THE LONG WALK BACK
The sky on the day he left was black, threatened by the idea of rain, but not yet promised it.
Everything he owned fit into a suitcase as tattered and worn as he was. Some clothes, the ones that survived the final meltdown, two pairs of shoes, and the only four books he’d ever bothered to read and memorize like the back of his own hand. These things were all he owned, in the end, aside from the four-hundred dollars folded into his stained leather wallet. He threw it into the glovebox before shutting all the doors and getting behind the wheel. He took one last look at the too-bright white of a house painted on the inside with bruises and cigarette smoke and promised to every sort of God or being that was listening that he would never, ever come back.

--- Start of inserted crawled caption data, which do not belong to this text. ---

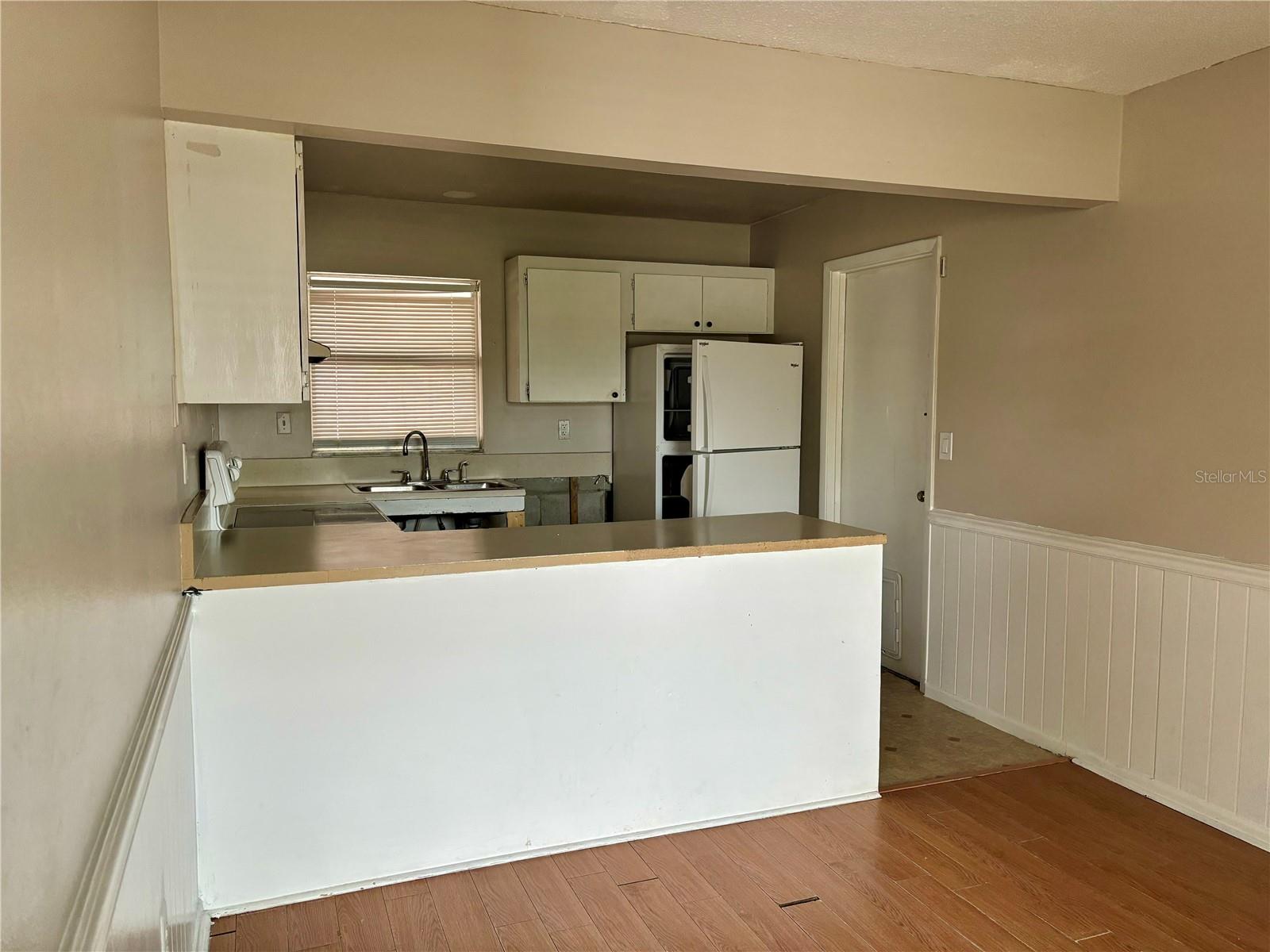 3618 SOUTHERN PKWY W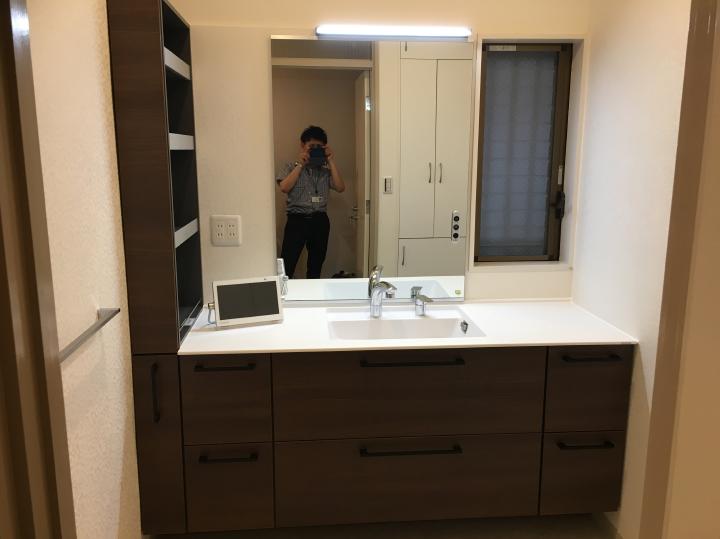 20180713 nsama kesyou midasi.jpg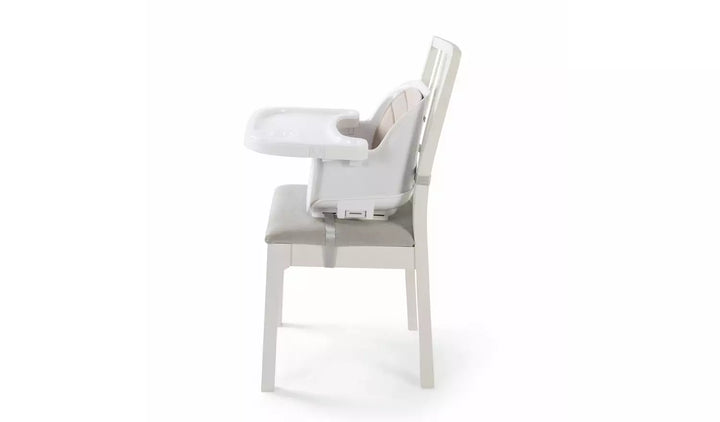 Redkite Feed Me Orbit 3-1 Highchair - Beige
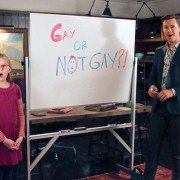 The New Normal - galeria zdjęć - filmweb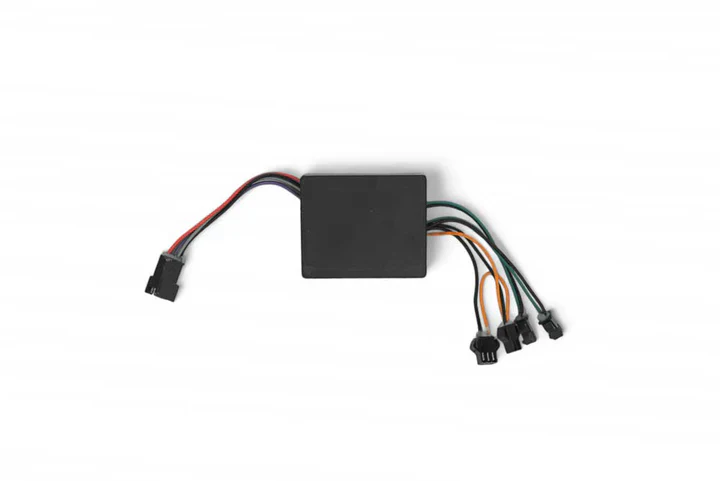 Light module S5 / S10-S - Image 4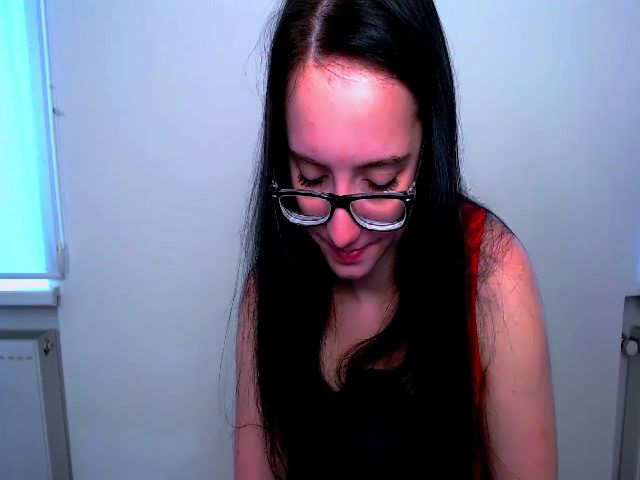 Live sex webcam photo for RebekaJo #264151456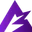 Aware Impact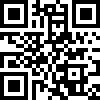 https://mehrnews.com/xGxyH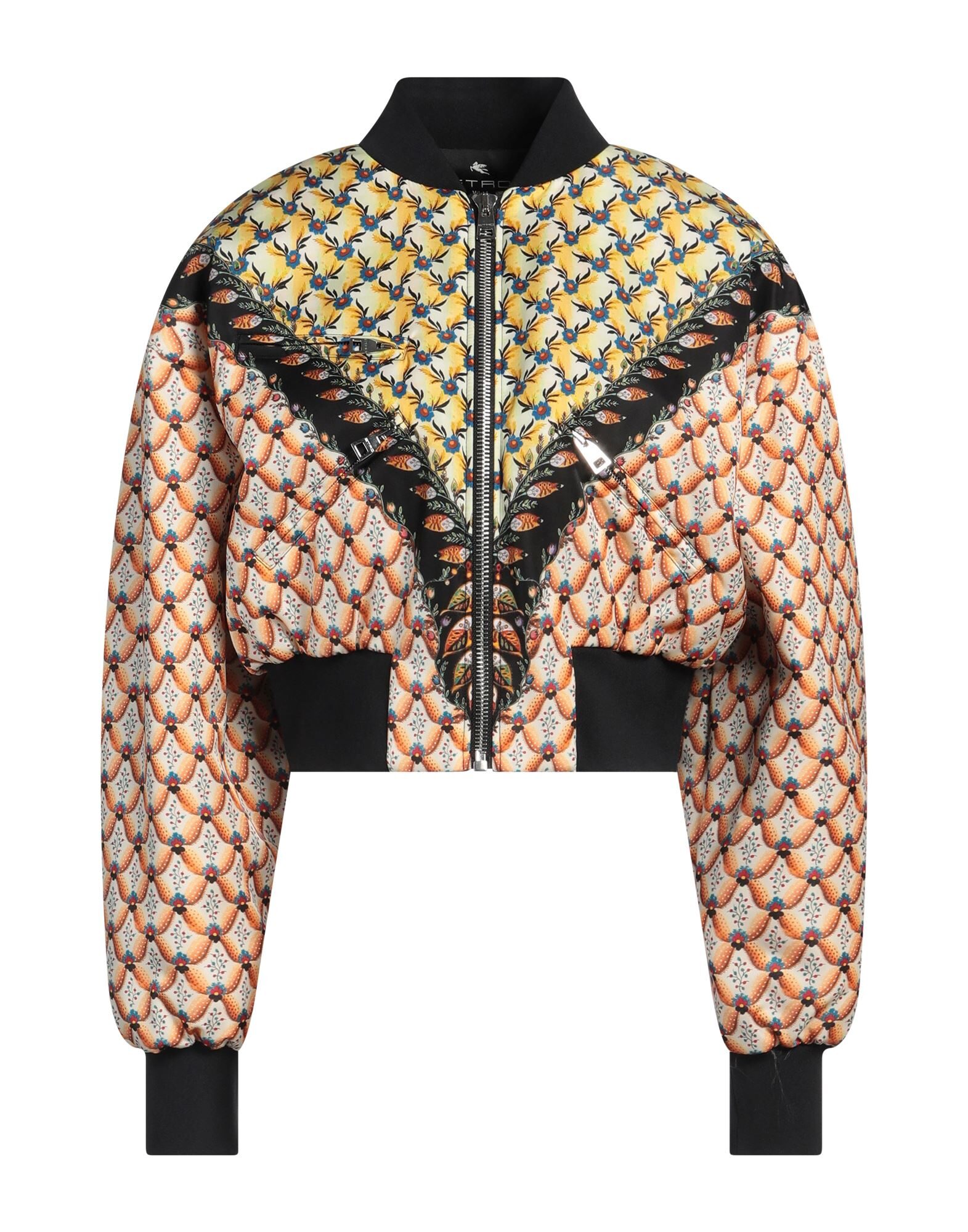 ETRO - Jackets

He had not told his friends he was leaving, and his parents had long died and left him alone on the earth with no siblings, and thus he had no one else to tell. Not that it really mattered, anyway; the man he is leaving behind would have found a way to make it his fault, even if the finger that pointed was facing in the wrong direction. He scoffed. His fingers tightened on the wheel as he leaned an arm on the passenger seat and backed out of the gravel driveway, the tiny rocks rumbling like the thunder that rattles the window of his car as he put the house in his rear-view mirror and kept it there.
Anywhere but here, he told himself, all at once exuberant and terrified of a life unknown. Anywhere but here.
He drove for a long time, the roads out of the countryside paved and painted but long and dull with little scenery. It would be nightfall before he ever reached the beginning of the woods, and he was both spooked by and excited about this. For now he was content to mark the passage of time not with the green flickering LED of his dashboard clock but by the fields that whizzed by as they raced him: corn, cotton, corn, tobacco, wheat, corn again. Hot, sticky air beaded moisture on the arm he hung out of the window as he drove, eyes squinted against the brutal shining of a sun that turned into a burning coin and halved itself against the horizon line. Every so often the chest-high stalks of corn from the fields would throw finger-like shadows across his face and in the inbetween dark, he would smile.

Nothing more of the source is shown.